Behnken’s group is collaborating with the Department of Energy’s Vehicle Technology Office and engineers at Kempy Energetics to test hybrid diesel-electric propulsion systems that could eventually pair with solar or wind power. “The next feasible step is a hybrid diesel-electric system,” she shared, which is a concept strongly supported by the ABS advisory’s recommendation that hybridization be prioritized for nearshore and medium-sized vessels where charging access is realistic.
However, as LaMontagne pointed out, infrastructure remains a limiting factor. “In Portland, we’re incredibly lucky,” he said. “They already have triple-phase electric for superyachts, and that’s exactly what you’d use to charge an electric boat. But once you head Downeast (Maine), it’s another story.”
The advisory report also points out this gap, calling for “parallel investment in vessel upgrades and waterfront infrastructure.” Without accessible power at the dock, the most efficient systems will remain out of reach for small ports and remote communities.
Weighing alternative fuels
While electrification captures much of the spotlight, the ABS report explores a wide range of fuel options, including liquefied natural gas (LNG), methanol, biodiesel, hydrogen, and ammonia, each with distinct challenges and advantages.
Biofuels, derived from renewable organic materials, are “readily available and mature for commercial fishing” but require further development to mitigate corrosion and clogging issues. LNG and methanol are both lower-emission options that demand specialized storage systems and safety protocols. Hydrogen and ammonia, two zero-carbon fuels often hailed as long-term solutions, still face “infrastructure and design limitations, particularly for smaller vessels.
Even the best-designed systems come with trade-offs. The report warns that “the lower energy density of most alternative fuels impacts fuel storage, vessel design, and operational range, requiring careful engineering to maintain vessel stability and safety.
Safety & training
Adopting new fuels also introduces new risks from cryogenic burns with LNG to toxic vapor exposure to methanol or ammonia. “Ensuring crew safety through proper design, training, and emergency preparedness is essential,” the ABS report stated.

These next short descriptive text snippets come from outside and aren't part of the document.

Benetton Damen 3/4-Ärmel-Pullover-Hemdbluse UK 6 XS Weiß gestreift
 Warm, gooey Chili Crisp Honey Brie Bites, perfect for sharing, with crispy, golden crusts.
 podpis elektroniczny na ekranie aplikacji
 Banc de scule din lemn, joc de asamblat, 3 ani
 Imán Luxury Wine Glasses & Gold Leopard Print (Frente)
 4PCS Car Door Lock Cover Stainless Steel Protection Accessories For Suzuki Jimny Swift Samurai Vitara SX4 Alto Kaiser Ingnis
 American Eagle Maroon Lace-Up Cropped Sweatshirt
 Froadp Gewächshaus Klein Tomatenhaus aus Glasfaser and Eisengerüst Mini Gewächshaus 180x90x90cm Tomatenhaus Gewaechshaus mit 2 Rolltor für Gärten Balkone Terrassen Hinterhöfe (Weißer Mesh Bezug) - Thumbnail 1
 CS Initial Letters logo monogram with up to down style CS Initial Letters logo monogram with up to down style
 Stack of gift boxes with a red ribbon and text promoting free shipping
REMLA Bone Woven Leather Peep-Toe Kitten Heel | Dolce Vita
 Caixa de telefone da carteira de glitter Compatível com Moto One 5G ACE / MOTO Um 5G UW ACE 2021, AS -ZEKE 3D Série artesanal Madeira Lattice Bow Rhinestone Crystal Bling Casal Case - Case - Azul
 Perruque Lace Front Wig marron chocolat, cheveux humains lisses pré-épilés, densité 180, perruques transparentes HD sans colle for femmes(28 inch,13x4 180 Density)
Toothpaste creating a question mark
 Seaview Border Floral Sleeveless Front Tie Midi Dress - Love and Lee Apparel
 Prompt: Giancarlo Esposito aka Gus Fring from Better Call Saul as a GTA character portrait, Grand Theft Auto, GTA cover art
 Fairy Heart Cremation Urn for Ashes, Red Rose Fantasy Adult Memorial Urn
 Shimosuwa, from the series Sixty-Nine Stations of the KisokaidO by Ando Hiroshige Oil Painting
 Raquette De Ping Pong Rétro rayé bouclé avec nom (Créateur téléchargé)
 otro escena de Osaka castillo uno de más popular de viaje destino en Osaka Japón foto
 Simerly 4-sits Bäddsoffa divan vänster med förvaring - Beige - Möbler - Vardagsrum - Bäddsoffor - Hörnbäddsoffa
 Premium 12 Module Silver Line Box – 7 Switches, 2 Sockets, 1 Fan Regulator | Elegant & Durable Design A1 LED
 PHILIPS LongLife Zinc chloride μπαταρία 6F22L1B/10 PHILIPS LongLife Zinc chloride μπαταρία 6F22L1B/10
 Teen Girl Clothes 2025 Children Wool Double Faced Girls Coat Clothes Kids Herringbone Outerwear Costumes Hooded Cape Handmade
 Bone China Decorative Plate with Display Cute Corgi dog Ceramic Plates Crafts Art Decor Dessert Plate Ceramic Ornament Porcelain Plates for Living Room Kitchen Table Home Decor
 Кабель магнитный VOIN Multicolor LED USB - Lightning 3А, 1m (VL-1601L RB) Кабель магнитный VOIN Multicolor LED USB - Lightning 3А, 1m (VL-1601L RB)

Recommendations include enhanced firefighting systems, real-time vapor detection, and specialized drills simulating leaks or battery fires. The report also calls for new regulations tailored to alternative fuels, noting that existing U.S. Coast Guard and EPA rules “lack specific provisions for fuels like ammonia, hydrogen, methanol, and lithium-ion batteries.”
For fishermen like LaMontagne, the transition couldn’t happen overnight, but the introduction of these new propulsion methods is becoming more common. “Being younger, switching to a new system is potentially more rewarding,” he said. “I’ve got more years to capitalize on it.”
That mindset —pragmatic, year-forward-thinking —is exactly what the ABS envisions for the industry’s next phase. “The commercial fishing industry can safely embrace alternative fuels and modern energy systems by updating regulatory frameworks, bolstering emergency preparedness, and prioritizing specialized crew training,” the report stated.
Across the country, fishermen and innovators are proving that cleaner power doesn’t have to mean compromise. From wind-assisted vessels to first-generation hybrid boats, the fleet’s energy future may look very different, but it’s still grounded in the same independence that has always defined the way of life that makes up America’s working waterfronts.